== Given data ==
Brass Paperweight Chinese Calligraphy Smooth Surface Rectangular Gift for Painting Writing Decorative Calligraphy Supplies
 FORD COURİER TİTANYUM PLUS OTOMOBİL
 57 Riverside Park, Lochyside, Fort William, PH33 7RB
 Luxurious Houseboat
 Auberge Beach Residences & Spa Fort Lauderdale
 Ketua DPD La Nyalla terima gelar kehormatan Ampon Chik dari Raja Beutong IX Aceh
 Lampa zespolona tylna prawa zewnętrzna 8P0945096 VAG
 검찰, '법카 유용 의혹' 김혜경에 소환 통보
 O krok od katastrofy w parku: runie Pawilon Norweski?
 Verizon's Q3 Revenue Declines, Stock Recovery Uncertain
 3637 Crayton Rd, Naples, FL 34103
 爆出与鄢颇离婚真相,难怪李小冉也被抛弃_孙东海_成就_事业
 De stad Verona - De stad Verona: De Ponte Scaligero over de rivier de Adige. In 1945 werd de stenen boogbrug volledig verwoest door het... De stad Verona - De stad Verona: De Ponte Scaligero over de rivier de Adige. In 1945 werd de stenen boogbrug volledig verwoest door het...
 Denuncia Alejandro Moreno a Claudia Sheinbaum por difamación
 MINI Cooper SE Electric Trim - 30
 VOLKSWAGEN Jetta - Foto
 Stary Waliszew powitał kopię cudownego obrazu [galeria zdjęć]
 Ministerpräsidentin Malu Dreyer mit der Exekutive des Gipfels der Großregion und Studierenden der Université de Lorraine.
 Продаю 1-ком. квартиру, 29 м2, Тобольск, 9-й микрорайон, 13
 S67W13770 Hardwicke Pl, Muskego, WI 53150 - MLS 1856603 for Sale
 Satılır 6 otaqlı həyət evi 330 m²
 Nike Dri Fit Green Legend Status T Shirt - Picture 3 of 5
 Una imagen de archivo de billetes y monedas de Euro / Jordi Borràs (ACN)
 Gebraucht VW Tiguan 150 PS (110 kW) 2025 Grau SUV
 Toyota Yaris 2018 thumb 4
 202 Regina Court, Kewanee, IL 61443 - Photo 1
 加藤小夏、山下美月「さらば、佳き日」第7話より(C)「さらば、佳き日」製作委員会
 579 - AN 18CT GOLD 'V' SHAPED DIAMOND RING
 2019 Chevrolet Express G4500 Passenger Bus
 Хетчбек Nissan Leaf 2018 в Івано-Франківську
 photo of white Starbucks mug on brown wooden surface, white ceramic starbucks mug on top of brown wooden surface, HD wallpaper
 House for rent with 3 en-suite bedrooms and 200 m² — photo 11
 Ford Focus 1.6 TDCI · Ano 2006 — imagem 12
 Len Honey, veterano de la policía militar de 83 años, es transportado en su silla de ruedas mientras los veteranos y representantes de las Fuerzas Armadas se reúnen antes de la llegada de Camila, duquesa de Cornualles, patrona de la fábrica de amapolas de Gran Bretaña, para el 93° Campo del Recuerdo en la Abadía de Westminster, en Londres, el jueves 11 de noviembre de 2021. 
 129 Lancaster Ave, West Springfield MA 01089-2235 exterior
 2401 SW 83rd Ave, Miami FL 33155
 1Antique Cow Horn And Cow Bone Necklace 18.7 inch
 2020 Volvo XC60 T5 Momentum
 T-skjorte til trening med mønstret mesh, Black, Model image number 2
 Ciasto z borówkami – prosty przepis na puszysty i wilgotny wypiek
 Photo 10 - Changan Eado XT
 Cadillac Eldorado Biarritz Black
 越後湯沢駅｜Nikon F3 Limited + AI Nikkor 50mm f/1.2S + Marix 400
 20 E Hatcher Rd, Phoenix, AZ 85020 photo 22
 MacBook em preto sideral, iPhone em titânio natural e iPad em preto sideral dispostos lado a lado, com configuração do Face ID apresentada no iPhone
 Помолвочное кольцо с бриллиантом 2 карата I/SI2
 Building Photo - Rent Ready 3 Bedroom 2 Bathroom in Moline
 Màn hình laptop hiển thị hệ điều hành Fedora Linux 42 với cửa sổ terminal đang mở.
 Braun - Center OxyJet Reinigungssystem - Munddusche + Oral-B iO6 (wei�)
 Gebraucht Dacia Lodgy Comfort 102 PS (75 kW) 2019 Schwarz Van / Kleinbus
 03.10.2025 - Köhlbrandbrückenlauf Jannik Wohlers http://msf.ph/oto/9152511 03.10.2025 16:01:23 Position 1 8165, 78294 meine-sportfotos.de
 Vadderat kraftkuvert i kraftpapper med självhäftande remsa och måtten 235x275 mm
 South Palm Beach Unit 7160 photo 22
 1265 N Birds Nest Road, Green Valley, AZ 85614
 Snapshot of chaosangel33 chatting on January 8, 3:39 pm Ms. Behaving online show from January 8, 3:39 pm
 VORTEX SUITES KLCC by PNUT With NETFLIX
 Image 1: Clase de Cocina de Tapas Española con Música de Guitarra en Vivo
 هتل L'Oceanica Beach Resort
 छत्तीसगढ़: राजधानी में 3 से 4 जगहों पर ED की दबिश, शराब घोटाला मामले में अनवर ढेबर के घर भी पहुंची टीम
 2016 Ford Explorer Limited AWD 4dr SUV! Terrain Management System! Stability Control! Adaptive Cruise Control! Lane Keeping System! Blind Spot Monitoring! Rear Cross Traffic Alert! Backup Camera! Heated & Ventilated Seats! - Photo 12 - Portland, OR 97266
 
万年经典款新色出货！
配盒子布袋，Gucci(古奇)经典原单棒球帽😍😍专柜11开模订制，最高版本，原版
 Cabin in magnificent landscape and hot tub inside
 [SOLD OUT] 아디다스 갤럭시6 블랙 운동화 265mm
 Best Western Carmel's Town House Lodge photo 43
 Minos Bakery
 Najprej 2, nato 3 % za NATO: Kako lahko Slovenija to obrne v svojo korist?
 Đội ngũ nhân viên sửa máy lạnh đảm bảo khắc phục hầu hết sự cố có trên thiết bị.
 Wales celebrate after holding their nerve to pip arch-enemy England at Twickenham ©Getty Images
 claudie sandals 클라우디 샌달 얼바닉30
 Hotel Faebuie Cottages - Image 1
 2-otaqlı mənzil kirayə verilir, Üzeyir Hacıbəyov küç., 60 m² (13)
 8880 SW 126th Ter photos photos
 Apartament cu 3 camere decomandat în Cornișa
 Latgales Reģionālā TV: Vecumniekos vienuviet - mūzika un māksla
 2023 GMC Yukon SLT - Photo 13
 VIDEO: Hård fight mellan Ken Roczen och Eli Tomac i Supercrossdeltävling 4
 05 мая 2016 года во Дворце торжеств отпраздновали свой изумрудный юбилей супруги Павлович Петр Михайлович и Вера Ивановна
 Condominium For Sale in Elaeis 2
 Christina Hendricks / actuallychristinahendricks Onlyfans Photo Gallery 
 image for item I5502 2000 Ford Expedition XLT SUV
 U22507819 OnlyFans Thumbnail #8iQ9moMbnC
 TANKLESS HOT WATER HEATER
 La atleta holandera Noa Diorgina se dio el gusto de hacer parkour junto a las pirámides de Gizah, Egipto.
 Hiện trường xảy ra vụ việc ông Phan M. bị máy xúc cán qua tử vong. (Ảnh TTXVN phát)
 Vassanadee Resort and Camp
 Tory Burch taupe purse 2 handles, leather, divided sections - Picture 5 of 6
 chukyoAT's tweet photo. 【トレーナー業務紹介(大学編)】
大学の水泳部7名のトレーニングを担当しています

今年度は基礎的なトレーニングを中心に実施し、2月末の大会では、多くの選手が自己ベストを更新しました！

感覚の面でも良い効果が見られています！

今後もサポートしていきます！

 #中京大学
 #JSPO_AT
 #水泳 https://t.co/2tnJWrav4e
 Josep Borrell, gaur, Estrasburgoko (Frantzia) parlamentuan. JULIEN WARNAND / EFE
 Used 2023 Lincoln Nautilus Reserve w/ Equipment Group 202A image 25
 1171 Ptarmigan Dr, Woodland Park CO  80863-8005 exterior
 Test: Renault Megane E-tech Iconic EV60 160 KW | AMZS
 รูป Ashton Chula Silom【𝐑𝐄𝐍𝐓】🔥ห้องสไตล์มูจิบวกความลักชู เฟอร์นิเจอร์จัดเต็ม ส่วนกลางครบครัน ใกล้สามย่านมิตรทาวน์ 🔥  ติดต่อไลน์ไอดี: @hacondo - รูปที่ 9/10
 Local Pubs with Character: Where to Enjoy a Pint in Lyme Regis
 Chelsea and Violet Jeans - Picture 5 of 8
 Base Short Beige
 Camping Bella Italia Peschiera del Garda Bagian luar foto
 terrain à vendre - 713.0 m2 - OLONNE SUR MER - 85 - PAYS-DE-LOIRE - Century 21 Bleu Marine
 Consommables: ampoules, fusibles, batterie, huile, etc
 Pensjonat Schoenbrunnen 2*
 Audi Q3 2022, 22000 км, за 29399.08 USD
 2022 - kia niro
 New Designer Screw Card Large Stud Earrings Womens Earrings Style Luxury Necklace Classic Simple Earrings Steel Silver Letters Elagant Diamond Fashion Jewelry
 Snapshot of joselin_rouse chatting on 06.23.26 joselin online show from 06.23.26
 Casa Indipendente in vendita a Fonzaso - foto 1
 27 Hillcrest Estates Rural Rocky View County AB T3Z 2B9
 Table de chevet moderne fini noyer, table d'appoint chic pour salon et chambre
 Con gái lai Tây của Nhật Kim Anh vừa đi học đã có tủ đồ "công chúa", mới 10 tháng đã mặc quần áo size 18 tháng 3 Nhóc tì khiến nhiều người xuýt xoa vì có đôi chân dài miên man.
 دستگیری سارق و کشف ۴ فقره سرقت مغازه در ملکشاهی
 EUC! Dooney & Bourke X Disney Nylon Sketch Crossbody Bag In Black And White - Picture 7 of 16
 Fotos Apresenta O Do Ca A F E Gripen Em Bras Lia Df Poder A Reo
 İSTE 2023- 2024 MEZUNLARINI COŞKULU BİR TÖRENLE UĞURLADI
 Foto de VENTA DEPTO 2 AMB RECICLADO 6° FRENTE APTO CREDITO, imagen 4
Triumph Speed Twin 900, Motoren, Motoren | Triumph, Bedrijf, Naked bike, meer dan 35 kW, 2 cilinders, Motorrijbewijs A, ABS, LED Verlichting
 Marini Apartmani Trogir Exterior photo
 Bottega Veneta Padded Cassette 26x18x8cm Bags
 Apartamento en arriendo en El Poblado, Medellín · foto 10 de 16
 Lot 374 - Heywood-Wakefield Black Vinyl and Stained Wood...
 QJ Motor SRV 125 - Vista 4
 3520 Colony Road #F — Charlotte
===
Using the entries shown above, reproduce verbatim the lines from the line bearing "Satılır 6 otaqlı həyət evi 330 m²" to the line bearing "20 E Hatcher Rd, Phoenix, AZ 85020 photo 22", inclusive.

** Answer to the problem **
 Satılır 6 otaqlı həyət evi 330 m²
 Nike Dri Fit Green Legend Status T Shirt - Picture 3 of 5
 Una imagen de archivo de billetes y monedas de Euro / Jordi Borràs (ACN)
 Gebraucht VW Tiguan 150 PS (110 kW) 2025 Grau SUV
 Toyota Yaris 2018 thumb 4
 202 Regina Court, Kewanee, IL 61443 - Photo 1
 加藤小夏、山下美月「さらば、佳き日」第7話より(C)「さらば、佳き日」製作委員会
 579 - AN 18CT GOLD 'V' SHAPED DIAMOND RING
 2019 Chevrolet Express G4500 Passenger Bus
 Хетчбек Nissan Leaf 2018 в Івано-Франківську
 photo of white Starbucks mug on brown wooden surface, white ceramic starbucks mug on top of brown wooden surface, HD wallpaper
 House for rent with 3 en-suite bedrooms and 200 m² — photo 11
 Ford Focus 1.6 TDCI · Ano 2006 — imagem 12
 Len Honey, veterano de la policía militar de 83 años, es transportado en su silla de ruedas mientras los veteranos y representantes de las Fuerzas Armadas se reúnen antes de la llegada de Camila, duquesa de Cornualles, patrona de la fábrica de amapolas de Gran Bretaña, para el 93° Campo del Recuerdo en la Abadía de Westminster, en Londres, el jueves 11 de noviembre de 2021. 
 129 Lancaster Ave, West Springfield MA 01089-2235 exterior
 2401 SW 83rd Ave, Miami FL 33155
 1Antique Cow Horn And Cow Bone Necklace 18.7 inch
 2020 Volvo XC60 T5 Momentum
 T-skjorte til trening med mønstret mesh, Black, Model image number 2
 Ciasto z borówkami – prosty przepis na puszysty i wilgotny wypiek
 Photo 10 - Changan Eado XT
 Cadillac Eldorado Biarritz Black
 越後湯沢駅｜Nikon F3 Limited + AI Nikkor 50mm f/1.2S + Marix 400
 20 E Hatcher Rd, Phoenix, AZ 85020 photo 22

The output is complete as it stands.